Além do basquete, odeia que todo mundo ama aquilo e odeia que tem gente que treina pra vencer o Greg. Odeia que mesmo fazendo trinta pontos por jogos, tem que ouvir de um velho que se ele não acordar pra vida vai acabar deixando o sonho na base!

“Mas que sonho?” Greg não sonha em jogar basquete. Como ele pode sonhar com alguma coisa que já vai acontecer? Pra que gastar tempo sonhando com isso? Não tem motivos para que Greg passe horas se dedicando por algo que ele já naturalmente faz melhor do que todo mundo desde sempre.

Greg não sabe, mas ele não odeia o basquete. Greg ama isso tudo, mas no fim das contas, odeia mesmo o seu talento. Greg odeia que seu futuro tá traçado desde sempre e odeia que nunca tentou nada porque descobriu muito cedo o destaque que tanta gente passa a vida atrás. Greg é medroso e só não sabe da sua situação porque escolhe não pensar tão a fundo e desencadear alguma crise evitável.

Vira o ano e Greg completa 18 anos de idade, tá na hora de virar. Mas Greg não quer. E será que ele pode não querer? Quem vai permitir o multicampeão da base; maior promessa de todos os clubes que passou; ainda em ano de Seleção da sua geração, deixar o basquete de lado? Ameaçam ele com o papo de que: “ele não pode deixar o ápice da vida dele ser um recorde de pontos em um jogo do Sub-16 uns anos atrás”. Greg é refém do seu talento e nunca foi atrás de nada porque seu futuro já tava escrito… Greg ia ser jogador de basquete.

Será que o auge da vida de Greg já passou? Será que ainda não chegou? E se ainda não aconteceu, vai ser dentro de quadra né?

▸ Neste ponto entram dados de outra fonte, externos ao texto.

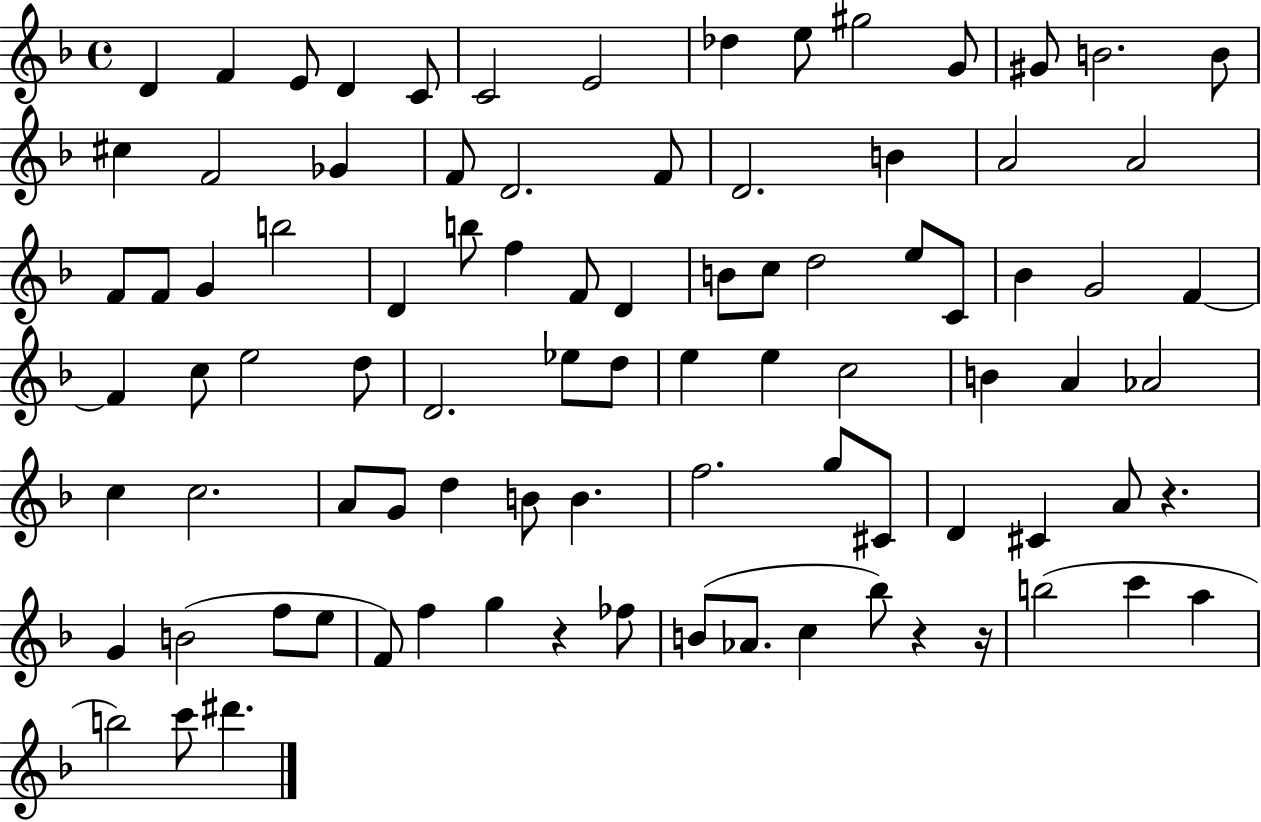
{
  \clef treble
  \time 4/4
  \defaultTimeSignature
  \key f \major
  d'4 f'4 e'8 d'4 c'8 | c'2 e'2 | des''4 e''8 gis''2 g'8 | gis'8 b'2. b'8 | \break cis''4 f'2 ges'4 | f'8 d'2. f'8 | d'2. b'4 | a'2 a'2 | \break f'8 f'8 g'4 b''2 | d'4 b''8 f''4 f'8 d'4 | b'8 c''8 d''2 e''8 c'8 | bes'4 g'2 f'4~~ | \break f'4 c''8 e''2 d''8 | d'2. ees''8 d''8 | e''4 e''4 c''2 | b'4 a'4 aes'2 | \break c''4 c''2. | a'8 g'8 d''4 b'8 b'4. | f''2. g''8 cis'8 | d'4 cis'4 a'8 r4. | \break g'4 b'2( f''8 e''8 | f'8) f''4 g''4 r4 fes''8 | b'8( aes'8. c''4 bes''8) r4 r16 | b''2( c'''4 a''4 | \break b''2) c'''8 dis'''4. | \bar "|."
}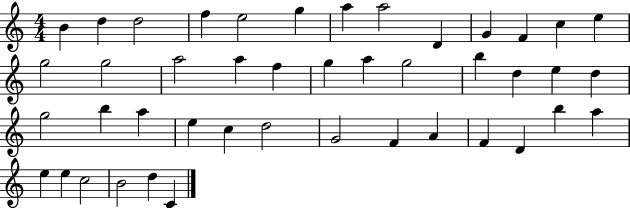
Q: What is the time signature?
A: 4/4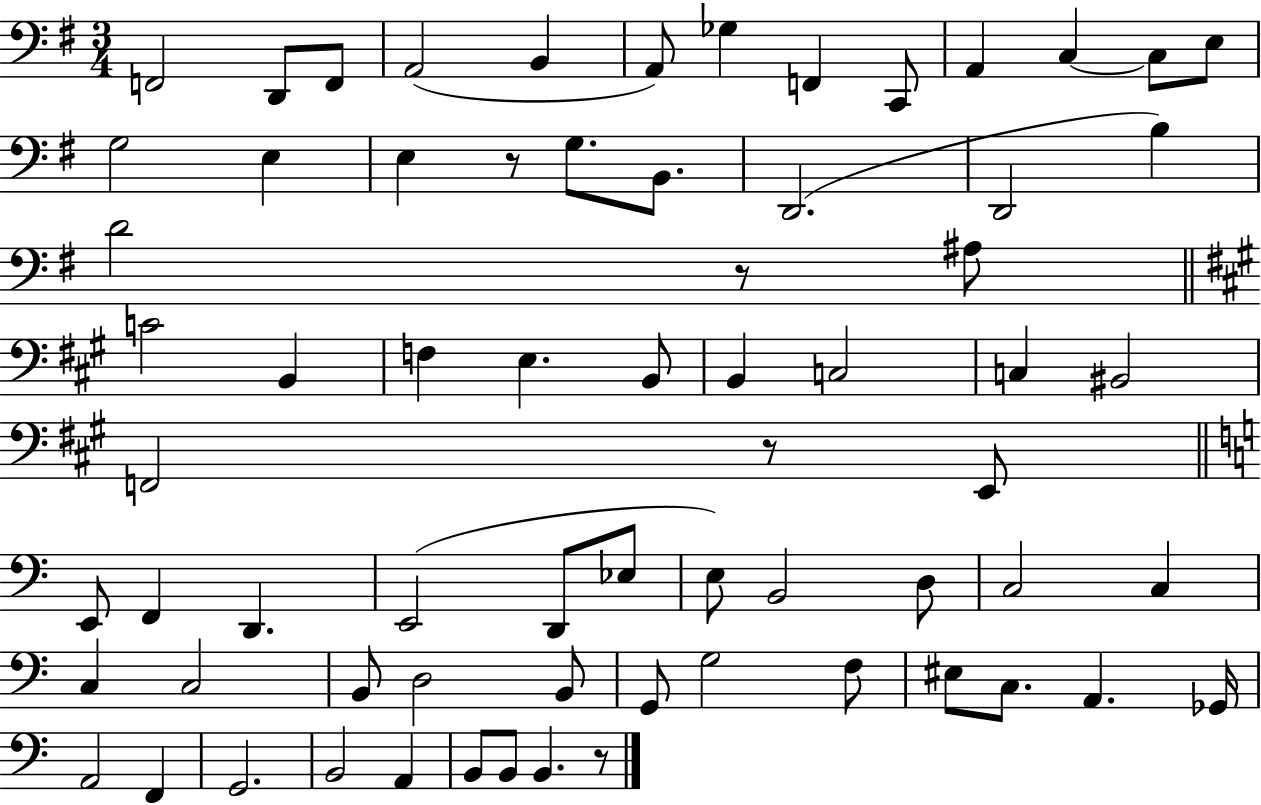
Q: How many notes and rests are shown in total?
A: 69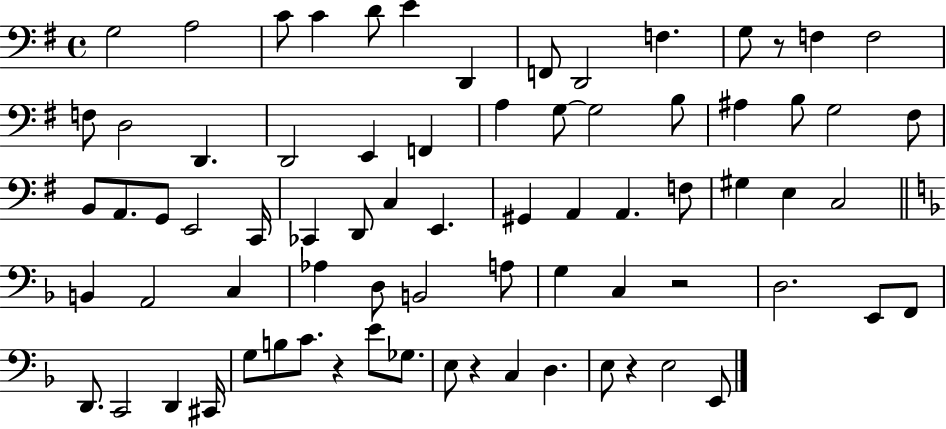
{
  \clef bass
  \time 4/4
  \defaultTimeSignature
  \key g \major
  g2 a2 | c'8 c'4 d'8 e'4 d,4 | f,8 d,2 f4. | g8 r8 f4 f2 | \break f8 d2 d,4. | d,2 e,4 f,4 | a4 g8~~ g2 b8 | ais4 b8 g2 fis8 | \break b,8 a,8. g,8 e,2 c,16 | ces,4 d,8 c4 e,4. | gis,4 a,4 a,4. f8 | gis4 e4 c2 | \break \bar "||" \break \key d \minor b,4 a,2 c4 | aes4 d8 b,2 a8 | g4 c4 r2 | d2. e,8 f,8 | \break d,8. c,2 d,4 cis,16 | g8 b8 c'8. r4 e'8 ges8. | e8 r4 c4 d4. | e8 r4 e2 e,8 | \break \bar "|."
}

Gregório não sabe fazer nada além de bater bola. É um coitado que nunca brincou, venceu mas não se convenceu, abdicou tanto do seu futuro que virou fantoche da opinião externa. Pelos meus cálculos, Greg ainda não chegou no auge da sua vida. Não sonhou o suficiente pra isso e muito menos almejou coisas pra um dia conquistar.

Greg sempre achou que sua vida era um sonho. Muita gente disse que sonhava em ser que nem ele em algum dia… Mas quem escolheria ser Greg por um dia se soubesse que nem ele sabe o que é. É um craque dentro do seu maior pesadelo. Um menino que nunca sonhou.

Greg quer fugir! Quer parar por um tempo e deixar tudo de lado! Mas como ele faria isso? Greg é o prodígio brasileiro; é referência de muitos; vive o sonho de tantos; garante o trabalho de alguns técnicos; demite outros e ainda assim não é Gregório. É o Greg que pintaram pra ele mesmo. Sem personalidade por ter sido escolhido pelos deuses da bola laranja desde sempre… Ah, mas podem ficar tranquilos, por bem ou por mal, seu futuro já tava escrito e agora não tem mais como… Greg vai ter que ser jogador de basquete.